No son muchas las canciones de amor de nuestro poeta, acaso por no haber tenido luego la necesidad de conquistarla. Allí, con ella, pudo sentir también la pura verdad.
Pero le cantó a otros amores, como sus ancestros:
«me dan sus fuegos cálidos zondas,
me dan sus fuerzas bravos pamperos,
y en el misterio de las quebradas,
vaga la sombra de mis abuelos»
y a su tierra
«una voz bella quien la tuviera,
para cantarte toda la vida,
pero mi estrella me dio este acento,
y así te siento tierra querida»
y le cantó a lo que más le emocionaba de su tierra
«andaré por los cerros, selvas y llanos toda la vida,
arrimándole coplas a tu esperanza tierra querida».
El cantor no miente, no tenía una bella voz, pero hay bellezas que son plenas, que nos llenan, precisamente por su imperfección, por su necesaria, para nosotros, imperfección, de igual manera que tendemos a amar, a brindarle consuelo, a un ser enfermo e indefenso. Su indefensión es, precisamente, la que permite volcarle nuestro amor sin miedo a ser atacados.
No tenía una bella voz, y más hablaba que cantaba, pero a ese algo que transmite el canto no se llega por una afinación y un ritmo perfectos, se llega a través de algo que de ninguna manera puede ser entendido por el intelecto.

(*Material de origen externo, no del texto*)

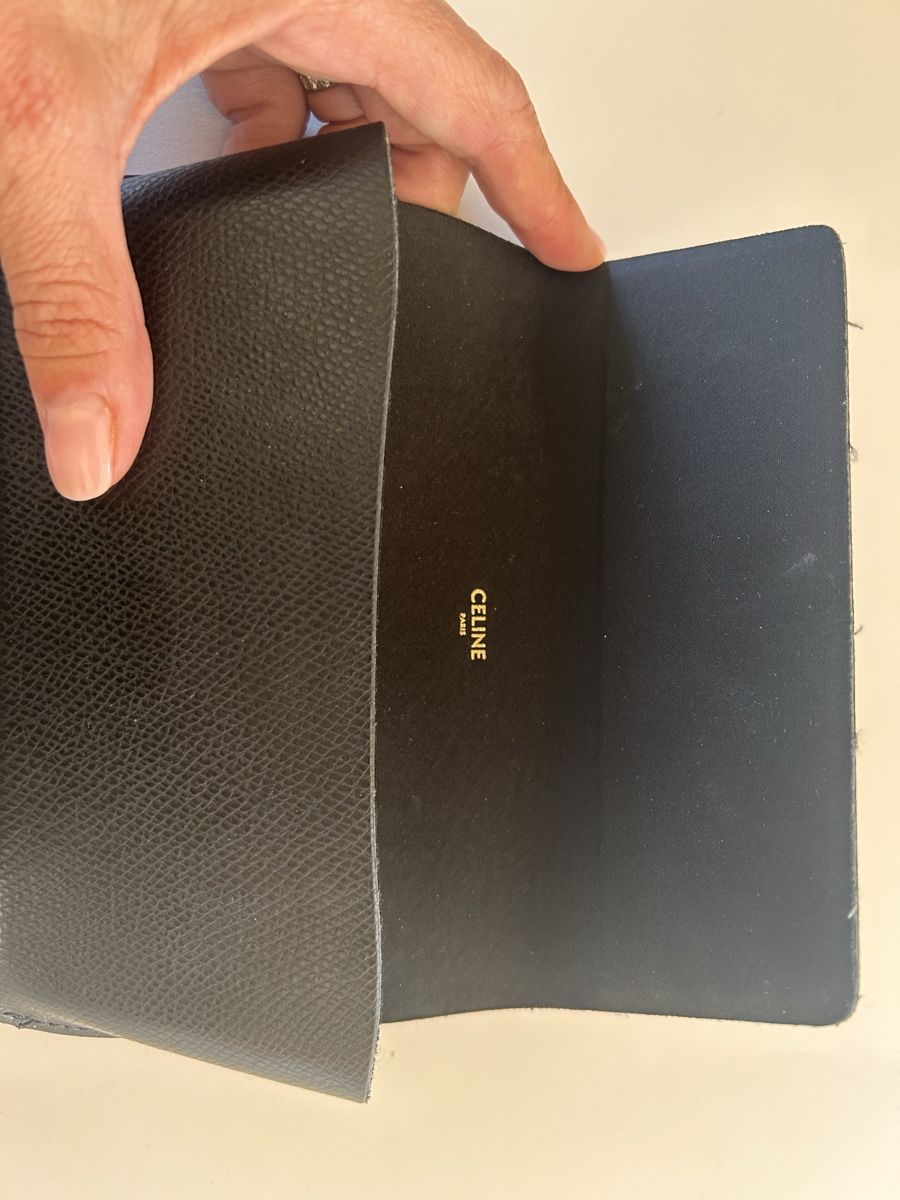 Celine Lunettes & Verres: Sonnenbrille CELINE mit Etui neuwertig – D'occasion à Luzern par Emilie354 1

En vano sesudos musicólogos acumularán argumentos. Hay cosas a las que no podemos llegar si no es por nuestra sensibilidad, algo muy por encima de esa cosa llamada inteligencia.

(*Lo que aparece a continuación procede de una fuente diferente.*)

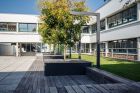 miniatura Alpen-Adria-Universität Klagenfurt: Innenhof zwischen Haupt- und Institutsgebäude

¿Por qué nos conmueve un canto acaso más sencillo y ayuno de florituras que otro que no nos mueve un pelo? Porque el cantante no canta con su voz, o canta en verdad con su verdadera voz, una voz que surge de sus profundidades, porque alguien viene y nos lleva de la mano a lugares inexplorados por nuestra vacilante inteligencia. A eso, a ese algo en la voz a que llegan Zitarrosa, Ray Charles, Gardel, Edith Piaf, Amália Rodrigues, Rubén Juárez y John Lennon, sólo se llega a través de la verdadera tarea de los alquimistas, la transmutación del barro de nuestro sufrimiento en el oro del canto estremecedor. Allí donde escuchemos un canto conmovedor podremos cavar tranquilos que encontraremos un profundo dolor germinado en un niño prostituido como Gardel, en un niño adoptivo como Zitarrosa, o en una niña parida en la calle, al lado de una farola, como Edith Piaf.
Tengo conmigo una primera edición de Atahualpa Yupanqui (con qué poder suenan estas palabras que significan El que viene de lejanas tierras para decirnos algo) que nunca he querido vender, un libro que acaso estuviera en sus manos, pues seguramente lo trajo a este lado del Río para regalárselo a algún amigo, a algún amor. Lo guardo también por su tapa: hay una tierra con yuyos y un cerro, y una guitarra en primer plano, pero es desde la tierra de dónde surgen las manos que pulsan esa guitarra. Es una imagen maravillosa.
Y algo más tengo para decirte en la despedida, acerca del secreto de su arte. Todo nuestro sistema de dominación se basa en que creas que eres algo diferente al ser que tengas al lado, no importa si es un hombre, una piedra o un pajarito. Nuestro cantor, en su canción más bella, nos dice:
«La milonga de la pampa es buen tiento pa tenzar
el lazo de un sentimiento que nadie podrá cortar.
Cuando trompiezo me caigo y en seguida sé pensar,
que el que no nació pa sapo ha de volverse a parar.
Yo no voy a la botica la medecina comprar
pulso la guitarra y canto, con cantos me sé curar»
Y esa es una canción dedicada a ese otro amor eterno, nacido para crecer de una vez y para siempre, a ese amor incondicional. Le canta a esa otra mujer, compañera inseparable de su vida:
«Guitarra, cuando me muera, tal vez con otro te irás
pero el viento es buen amigo, y tu canto me traerá»
Una vez, y ahora sí nos despedimos, nuestro amigo interpretaba su guitarra (sus discos originales, los tengo todos en vinilo, alternan canciones cantadas e instrumentales), estaba, como te digo, interpretando su guitarra cuando una lágrima rodó por su mejilla y calló en la guitarra y rodó por la guitarra. Entonces el amante dejó de interpretar, se sacó un pañuelo del bolsillo, secó la lágrima a la guitarra, secó la lágrima del rostro, y siguió tocando.